I'm not too positive on this, but I think artists (other than photographers) normally use some sort of paper glue or spary adhesive or something that doesn't require heat.  I can find out more info if you want me to.


----------



## havoc (Jul 31, 2004)

No one else has anything to say on this  There ust be an answer, just wish i knew what it was.


----------



## ang (Jul 31, 2004)

I've been an an artist and picture framer for a couple of years and after researching this topic for the past several months, I'm more frustrated than educated.  Due to the different types of digitals combinations--inks, printers, photo papers, bonding tissues, bonding temperatures, dwell times, mounting boards--there is no clear-cut method of dry mounting a digital.  I have found some success dry mounting at low temps but I choose to hinge my digitals (up to 8X10) more often.

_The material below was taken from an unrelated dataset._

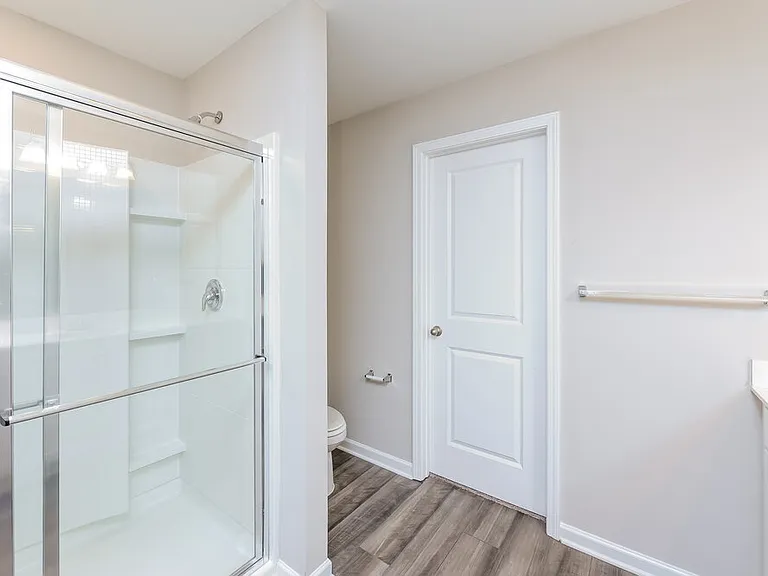 198 Pond Ct — Photo 14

Try this web site:  www.thegrumble.com  and search the forum for digital or mounting.  Be prepared to be overwhelmed for a wide range of input!!  I've contacted product manufacturers and other professional picture framers and got a wide variety of responses.  Some manufacturers say their inks should never be exposed to dry mounting temperatures and I know other picture framers who claim to have never had a problem dry mounting digitals.

I hear your frustration.  I can't believe with the digital age upon us, that there isn't a clear cut answer to your question, but as I said earlier, look at the complexities of the digital age and that is why the question is difficult to answer.

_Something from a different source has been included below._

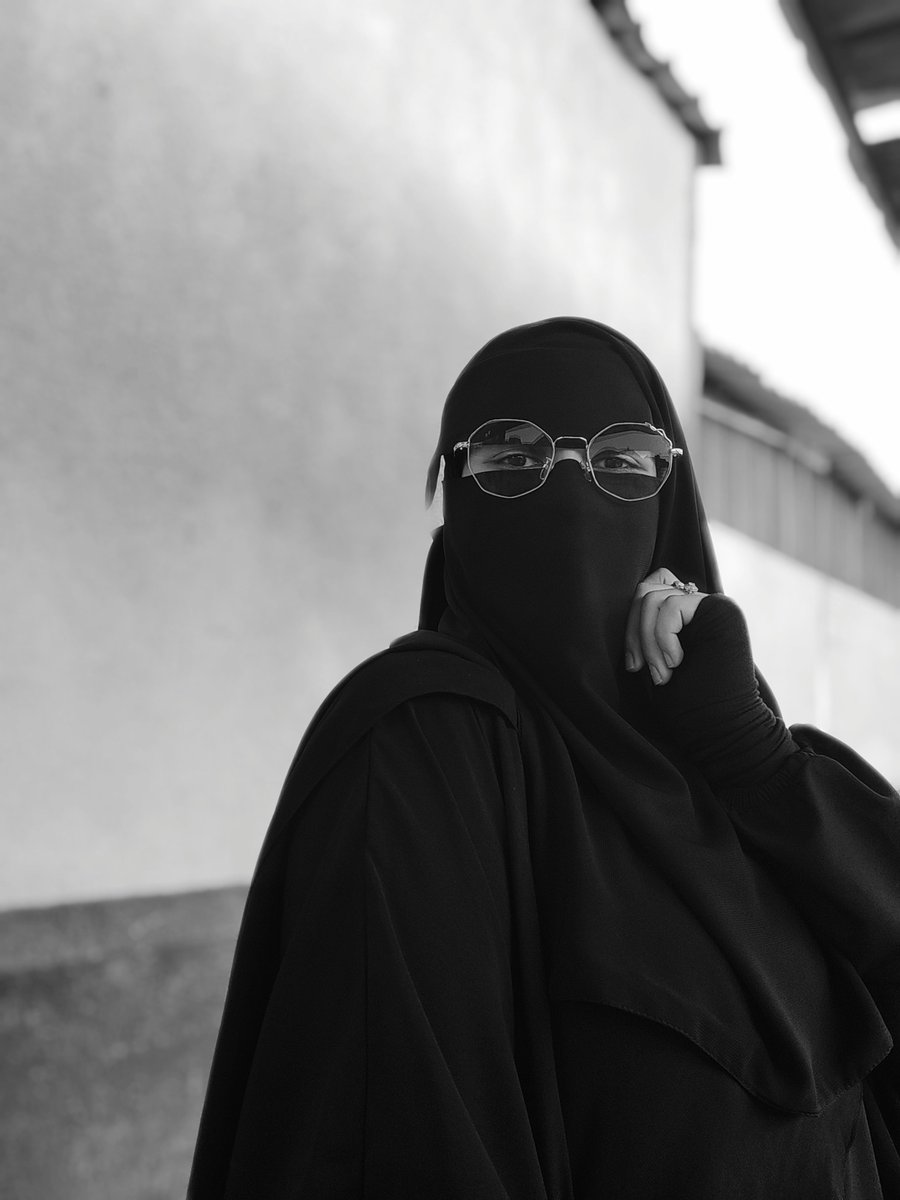 ويكفي اننا عند الله لا نهون❤️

I don't know the sizes of your pictures, but consider cold mounting.  If you insist on dry mounting, talk to local picture framer, use your own trial and error, do your own research, but be sure!  Beinfang makes a tissue called "Clearmount".  THEY CLAIM it is specifically formulated for dry mounting certain inkjet papers and pigmented inks??  Keep in mind, digital should be dry mounted at a low temp and min. amount of required dwell time and pre-drying will remove moisture.

Sorry I can't be of more help.  Good luck.  Let me know how things go.


----------



## Slowboat (Jul 31, 2004)

For all of the digital prints I have mounted I use an acid free lined tape, http://www.dickblick.com/zz173/16/products.asp?param=0&ig_id=1059 

Mounting procedure is to use a T-Hinge so that the print can be remounted to something different at a later time without damage to the original print. The tape works well with Fuji Crystal Archive paper and I have mounted prints up to 12x18.

The process is a little more time consuming than dry mounting with a heat press but prefer this method and is cheaper than buying a press.

You may also want to look at un-gummed linen tape and use rice glue for the the tape.


----------